- [HOW TO COMPLETE THIS TASK]: Would you output the whole of the data exactly?

- [THE RECORDS]:
=== Begin Enclosure ===
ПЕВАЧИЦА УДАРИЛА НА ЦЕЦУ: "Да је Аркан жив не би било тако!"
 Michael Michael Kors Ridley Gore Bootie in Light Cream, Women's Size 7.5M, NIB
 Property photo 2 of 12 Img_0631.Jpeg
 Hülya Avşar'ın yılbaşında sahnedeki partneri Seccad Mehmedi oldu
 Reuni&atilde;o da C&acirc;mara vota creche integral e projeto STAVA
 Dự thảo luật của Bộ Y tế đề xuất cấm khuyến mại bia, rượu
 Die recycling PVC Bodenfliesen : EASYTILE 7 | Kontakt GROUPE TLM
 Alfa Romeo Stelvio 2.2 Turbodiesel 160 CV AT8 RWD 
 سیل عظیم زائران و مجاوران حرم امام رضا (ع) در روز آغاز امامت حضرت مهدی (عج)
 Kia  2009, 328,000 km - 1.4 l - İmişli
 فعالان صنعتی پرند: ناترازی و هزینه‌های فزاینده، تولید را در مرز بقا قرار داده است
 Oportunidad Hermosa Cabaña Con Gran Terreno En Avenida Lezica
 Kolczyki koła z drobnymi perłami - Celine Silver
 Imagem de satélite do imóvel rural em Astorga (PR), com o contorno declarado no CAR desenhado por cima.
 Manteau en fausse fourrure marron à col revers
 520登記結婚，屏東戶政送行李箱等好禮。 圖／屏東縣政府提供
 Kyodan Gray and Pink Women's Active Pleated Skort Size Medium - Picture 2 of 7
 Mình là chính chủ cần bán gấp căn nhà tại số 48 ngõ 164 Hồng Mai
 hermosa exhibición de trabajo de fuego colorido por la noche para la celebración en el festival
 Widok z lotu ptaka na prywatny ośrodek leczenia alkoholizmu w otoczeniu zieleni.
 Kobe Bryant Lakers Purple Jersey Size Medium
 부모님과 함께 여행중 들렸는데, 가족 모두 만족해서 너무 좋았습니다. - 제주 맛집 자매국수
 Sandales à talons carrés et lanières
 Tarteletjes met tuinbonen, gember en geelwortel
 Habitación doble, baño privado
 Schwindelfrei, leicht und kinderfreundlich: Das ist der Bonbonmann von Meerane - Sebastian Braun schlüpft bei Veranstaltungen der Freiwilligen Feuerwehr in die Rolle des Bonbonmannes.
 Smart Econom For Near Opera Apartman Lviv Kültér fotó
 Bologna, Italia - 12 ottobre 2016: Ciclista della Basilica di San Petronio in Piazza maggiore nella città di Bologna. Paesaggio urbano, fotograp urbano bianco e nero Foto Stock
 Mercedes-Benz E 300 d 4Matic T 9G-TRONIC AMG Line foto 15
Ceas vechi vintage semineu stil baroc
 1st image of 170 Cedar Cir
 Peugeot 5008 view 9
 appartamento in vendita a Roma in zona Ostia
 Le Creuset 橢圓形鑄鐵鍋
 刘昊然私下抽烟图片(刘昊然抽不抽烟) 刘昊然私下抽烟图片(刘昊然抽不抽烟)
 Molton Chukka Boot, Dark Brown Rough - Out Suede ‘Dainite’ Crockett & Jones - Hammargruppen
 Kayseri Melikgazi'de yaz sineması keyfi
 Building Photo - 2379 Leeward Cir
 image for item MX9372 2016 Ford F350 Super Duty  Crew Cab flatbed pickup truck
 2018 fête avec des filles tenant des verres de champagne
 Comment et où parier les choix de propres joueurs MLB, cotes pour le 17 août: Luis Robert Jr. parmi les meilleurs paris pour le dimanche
=== End Enclosure ===
- [SOLUTION TO THIS TASK]:
ПЕВАЧИЦА УДАРИЛА НА ЦЕЦУ: "Да је Аркан жив не би било тако!"
 Michael Michael Kors Ridley Gore Bootie in Light Cream, Women's Size 7.5M, NIB
 Property photo 2 of 12 Img_0631.Jpeg
 Hülya Avşar'ın yılbaşında sahnedeki partneri Seccad Mehmedi oldu
 Reuni&atilde;o da C&acirc;mara vota creche integral e projeto STAVA
 Dự thảo luật của Bộ Y tế đề xuất cấm khuyến mại bia, rượu
 Die recycling PVC Bodenfliesen : EASYTILE 7 | Kontakt GROUPE TLM
 Alfa Romeo Stelvio 2.2 Turbodiesel 160 CV AT8 RWD 
 سیل عظیم زائران و مجاوران حرم امام رضا (ع) در روز آغاز امامت حضرت مهدی (عج)
 Kia  2009, 328,000 km - 1.4 l - İmişli
 فعالان صنعتی پرند: ناترازی و هزینه‌های فزاینده، تولید را در مرز بقا قرار داده است
 Oportunidad Hermosa Cabaña Con Gran Terreno En Avenida Lezica
 Kolczyki koła z drobnymi perłami - Celine Silver
 Imagem de satélite do imóvel rural em Astorga (PR), com o contorno declarado no CAR desenhado por cima.
 Manteau en fausse fourrure marron à col revers
 520登記結婚，屏東戶政送行李箱等好禮。 圖／屏東縣政府提供
 Kyodan Gray and Pink Women's Active Pleated Skort Size Medium - Picture 2 of 7
 Mình là chính chủ cần bán gấp căn nhà tại số 48 ngõ 164 Hồng Mai
 hermosa exhibición de trabajo de fuego colorido por la noche para la celebración en el festival
 Widok z lotu ptaka na prywatny ośrodek leczenia alkoholizmu w otoczeniu zieleni.
 Kobe Bryant Lakers Purple Jersey Size Medium
 부모님과 함께 여행중 들렸는데, 가족 모두 만족해서 너무 좋았습니다. - 제주 맛집 자매국수
 Sandales à talons carrés et lanières
 Tarteletjes met tuinbonen, gember en geelwortel
 Habitación doble, baño privado
 Schwindelfrei, leicht und kinderfreundlich: Das ist der Bonbonmann von Meerane - Sebastian Braun schlüpft bei Veranstaltungen der Freiwilligen Feuerwehr in die Rolle des Bonbonmannes.
 Smart Econom For Near Opera Apartman Lviv Kültér fotó
 Bologna, Italia - 12 ottobre 2016: Ciclista della Basilica di San Petronio in Piazza maggiore nella città di Bologna. Paesaggio urbano, fotograp urbano bianco e nero Foto Stock
 Mercedes-Benz E 300 d 4Matic T 9G-TRONIC AMG Line foto 15
Ceas vechi vintage semineu stil baroc
 1st image of 170 Cedar Cir
 Peugeot 5008 view 9
 appartamento in vendita a Roma in zona Ostia
 Le Creuset 橢圓形鑄鐵鍋
 刘昊然私下抽烟图片(刘昊然抽不抽烟) 刘昊然私下抽烟图片(刘昊然抽不抽烟)
 Molton Chukka Boot, Dark Brown Rough - Out Suede ‘Dainite’ Crockett & Jones - Hammargruppen
 Kayseri Melikgazi'de yaz sineması keyfi
 Building Photo - 2379 Leeward Cir
 image for item MX9372 2016 Ford F350 Super Duty  Crew Cab flatbed pickup truck
 2018 fête avec des filles tenant des verres de champagne
 Comment et où parier les choix de propres joueurs MLB, cotes pour le 17 août: Luis Robert Jr. parmi les meilleurs paris pour le dimanche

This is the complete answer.